Bunun federal bir suç olduğundan oldukça emin olsam da başkalarının postalarını okumayı seviyorum. Posta kutunuza asla bakmam -çoğunlukla yakalanmaktan korktuğum için- ama mutfak masanızın üzerinde açık duran kartpostala mutlaka bir göz atacağım. Beni affet; Çok ilgi çekici ve az kelimeyle çok şey anlatıyor.

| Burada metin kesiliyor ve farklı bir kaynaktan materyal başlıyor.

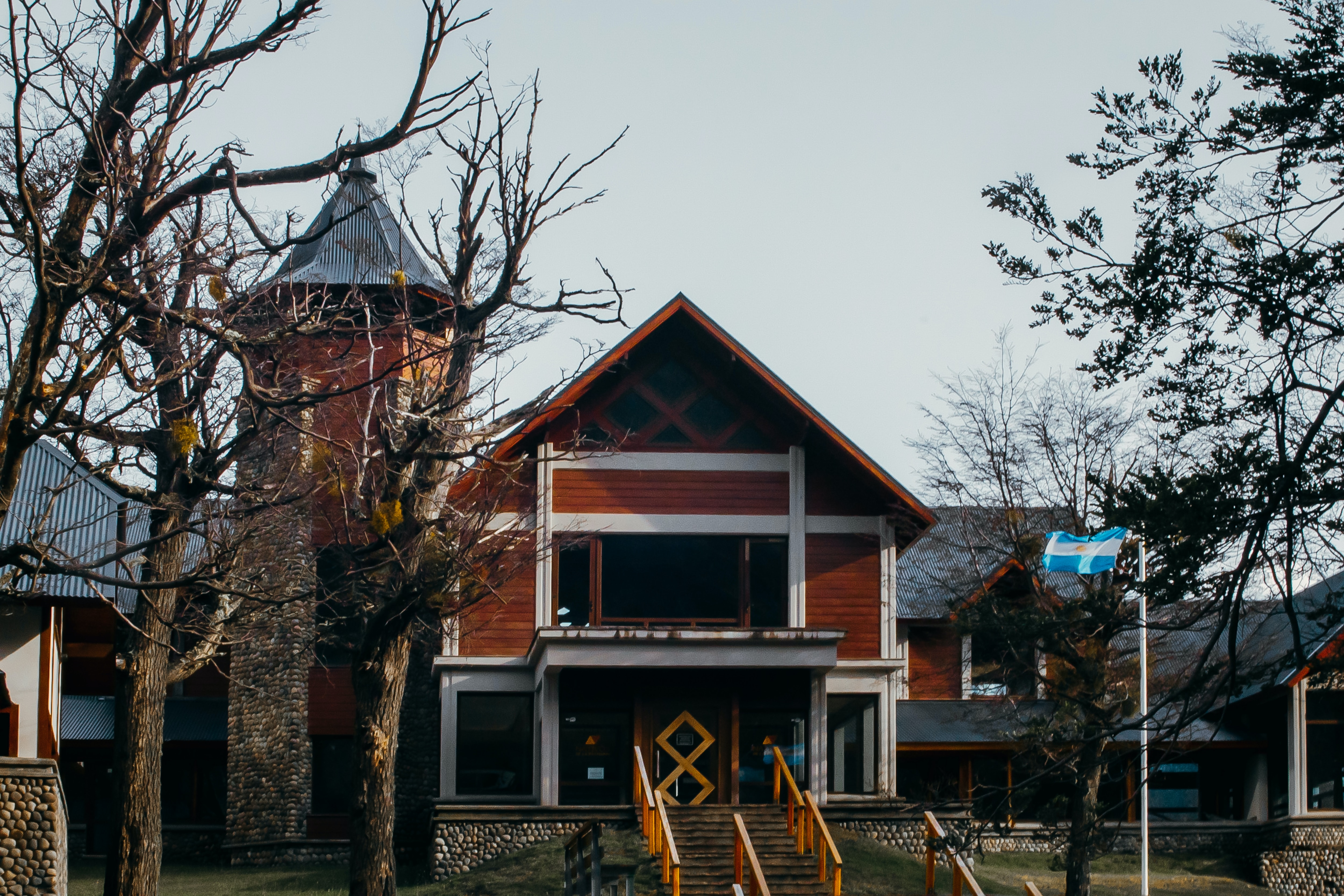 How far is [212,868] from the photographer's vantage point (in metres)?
28.6

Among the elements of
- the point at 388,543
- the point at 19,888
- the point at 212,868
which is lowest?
the point at 212,868

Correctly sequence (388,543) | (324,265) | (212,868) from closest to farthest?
(388,543) < (212,868) < (324,265)

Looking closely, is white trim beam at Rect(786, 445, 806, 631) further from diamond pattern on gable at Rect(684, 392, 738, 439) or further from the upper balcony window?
diamond pattern on gable at Rect(684, 392, 738, 439)

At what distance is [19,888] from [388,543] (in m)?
5.75

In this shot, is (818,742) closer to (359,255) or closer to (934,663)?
(934,663)

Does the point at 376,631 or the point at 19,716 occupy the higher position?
the point at 376,631

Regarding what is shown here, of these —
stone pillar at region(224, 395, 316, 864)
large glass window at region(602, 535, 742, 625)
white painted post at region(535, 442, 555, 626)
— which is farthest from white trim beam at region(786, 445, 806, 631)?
stone pillar at region(224, 395, 316, 864)

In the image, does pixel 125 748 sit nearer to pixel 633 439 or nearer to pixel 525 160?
pixel 525 160

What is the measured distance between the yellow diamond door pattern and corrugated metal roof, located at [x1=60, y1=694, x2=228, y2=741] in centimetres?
1122

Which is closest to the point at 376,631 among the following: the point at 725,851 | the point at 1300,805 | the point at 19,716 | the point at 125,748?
the point at 125,748

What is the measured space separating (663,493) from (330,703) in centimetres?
915

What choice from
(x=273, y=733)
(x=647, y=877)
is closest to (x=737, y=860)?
(x=647, y=877)

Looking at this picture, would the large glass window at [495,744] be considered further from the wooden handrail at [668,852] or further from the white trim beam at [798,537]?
the white trim beam at [798,537]

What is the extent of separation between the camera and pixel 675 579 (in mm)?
25641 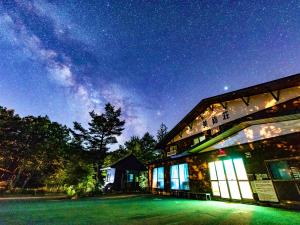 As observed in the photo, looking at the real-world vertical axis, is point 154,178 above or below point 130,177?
below

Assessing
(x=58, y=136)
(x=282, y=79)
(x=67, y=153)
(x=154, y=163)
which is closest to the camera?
(x=282, y=79)

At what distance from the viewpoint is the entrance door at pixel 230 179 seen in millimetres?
9837

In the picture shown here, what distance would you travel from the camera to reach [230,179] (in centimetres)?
1055

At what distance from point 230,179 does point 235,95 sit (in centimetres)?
651

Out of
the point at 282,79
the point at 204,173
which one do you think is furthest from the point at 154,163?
the point at 282,79

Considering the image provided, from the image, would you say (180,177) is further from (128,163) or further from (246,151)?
(128,163)

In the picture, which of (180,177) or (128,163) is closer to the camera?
(180,177)

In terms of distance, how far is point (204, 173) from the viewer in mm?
12477

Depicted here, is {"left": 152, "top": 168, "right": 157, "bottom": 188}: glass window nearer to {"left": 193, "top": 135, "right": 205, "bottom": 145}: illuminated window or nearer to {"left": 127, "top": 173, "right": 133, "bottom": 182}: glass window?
{"left": 193, "top": 135, "right": 205, "bottom": 145}: illuminated window

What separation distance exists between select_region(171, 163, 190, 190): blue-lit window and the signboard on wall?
5692 millimetres

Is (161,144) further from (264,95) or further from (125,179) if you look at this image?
(264,95)

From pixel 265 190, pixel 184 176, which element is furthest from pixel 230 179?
pixel 184 176

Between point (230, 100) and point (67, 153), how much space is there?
27.2 metres

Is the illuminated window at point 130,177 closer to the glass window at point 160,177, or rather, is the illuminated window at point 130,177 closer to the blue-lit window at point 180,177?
the glass window at point 160,177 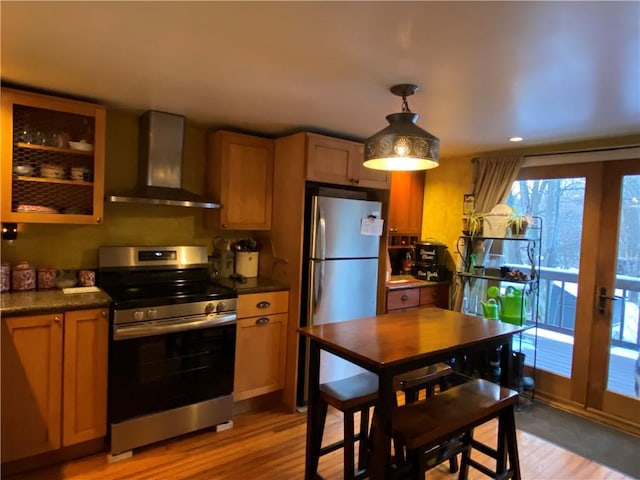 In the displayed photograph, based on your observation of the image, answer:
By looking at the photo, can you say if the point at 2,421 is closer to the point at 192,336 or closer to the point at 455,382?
the point at 192,336

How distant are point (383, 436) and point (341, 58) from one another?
1613mm

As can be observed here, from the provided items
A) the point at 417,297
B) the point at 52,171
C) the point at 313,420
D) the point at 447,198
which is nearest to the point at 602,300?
the point at 417,297

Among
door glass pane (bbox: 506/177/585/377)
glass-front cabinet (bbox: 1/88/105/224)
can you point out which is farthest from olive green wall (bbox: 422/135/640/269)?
glass-front cabinet (bbox: 1/88/105/224)

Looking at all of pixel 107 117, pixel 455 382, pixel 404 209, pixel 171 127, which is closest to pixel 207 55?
pixel 171 127

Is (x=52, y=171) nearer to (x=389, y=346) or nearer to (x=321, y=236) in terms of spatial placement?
(x=321, y=236)

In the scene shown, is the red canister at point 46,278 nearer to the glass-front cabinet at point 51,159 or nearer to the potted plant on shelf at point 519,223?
the glass-front cabinet at point 51,159

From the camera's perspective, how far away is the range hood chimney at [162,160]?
283 cm

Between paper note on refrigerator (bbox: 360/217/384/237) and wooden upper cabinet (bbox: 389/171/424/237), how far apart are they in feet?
2.07

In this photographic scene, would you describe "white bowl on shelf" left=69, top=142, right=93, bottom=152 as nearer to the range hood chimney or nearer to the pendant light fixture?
the range hood chimney

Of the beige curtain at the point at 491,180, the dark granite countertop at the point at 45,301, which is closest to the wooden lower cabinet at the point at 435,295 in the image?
the beige curtain at the point at 491,180

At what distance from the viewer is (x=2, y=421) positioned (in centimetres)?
214

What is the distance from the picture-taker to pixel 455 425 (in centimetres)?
184

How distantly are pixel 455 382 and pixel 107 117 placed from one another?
11.4 feet

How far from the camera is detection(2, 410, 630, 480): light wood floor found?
231 cm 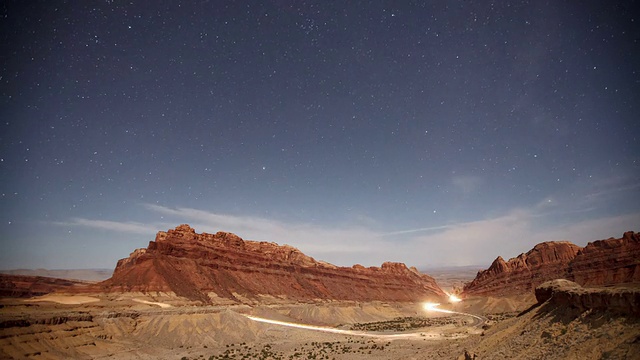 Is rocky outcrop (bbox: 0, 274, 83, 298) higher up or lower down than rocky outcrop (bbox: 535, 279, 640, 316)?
lower down

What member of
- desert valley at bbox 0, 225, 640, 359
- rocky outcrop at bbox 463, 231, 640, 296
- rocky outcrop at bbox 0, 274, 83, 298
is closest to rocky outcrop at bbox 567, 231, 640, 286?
rocky outcrop at bbox 463, 231, 640, 296

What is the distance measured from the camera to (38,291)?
362ft

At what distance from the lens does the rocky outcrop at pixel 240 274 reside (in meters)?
88.2

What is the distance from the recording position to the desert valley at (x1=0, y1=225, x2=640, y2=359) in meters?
18.5

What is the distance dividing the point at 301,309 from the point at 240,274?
32652 millimetres

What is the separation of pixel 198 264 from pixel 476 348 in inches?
3830

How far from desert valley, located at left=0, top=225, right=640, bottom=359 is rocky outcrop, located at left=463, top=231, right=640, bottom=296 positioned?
0.44 metres

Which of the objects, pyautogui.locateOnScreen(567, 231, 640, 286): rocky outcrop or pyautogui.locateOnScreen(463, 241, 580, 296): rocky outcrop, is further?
pyautogui.locateOnScreen(463, 241, 580, 296): rocky outcrop

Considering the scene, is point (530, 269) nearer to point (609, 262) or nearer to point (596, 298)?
point (609, 262)

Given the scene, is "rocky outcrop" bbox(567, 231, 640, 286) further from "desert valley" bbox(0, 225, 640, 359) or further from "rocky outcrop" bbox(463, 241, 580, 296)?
"rocky outcrop" bbox(463, 241, 580, 296)

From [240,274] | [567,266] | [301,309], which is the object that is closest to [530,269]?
[567,266]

Yemin ederim ki bu nahoş alışkanlığın merakla daha az, ömür boyu sürecek bir yazışma sevgisiyle ilgisi var. Bütün şirket beni heyecanlandırıyor: pullar, kırtasiye malzemeleri, posta hizmetinin güvenilir büyüsü. (“Postada kaybolmanın” yetişkinliğin “köpek ödevimi yemesi” olduğu konusunda hemfikir olabilir miyiz?) Ne yazık ki, akıllı telefonların ortaya çıkmasından önceki kadar sık kağıda kalem koymuyorum ama dayanıyorum hala posta kutuma düşen nadir mektup veya karta takılıp kalıyorum. Her bir düşünce önemli bir düşüncedir; Kadife Tavşan’ın olmak istediği şekilde gerçektir ve o açgözlü çocuk tarafından alt edilmeseydi Veren Ağaç’ın olacağı şekilde kalıcıdır.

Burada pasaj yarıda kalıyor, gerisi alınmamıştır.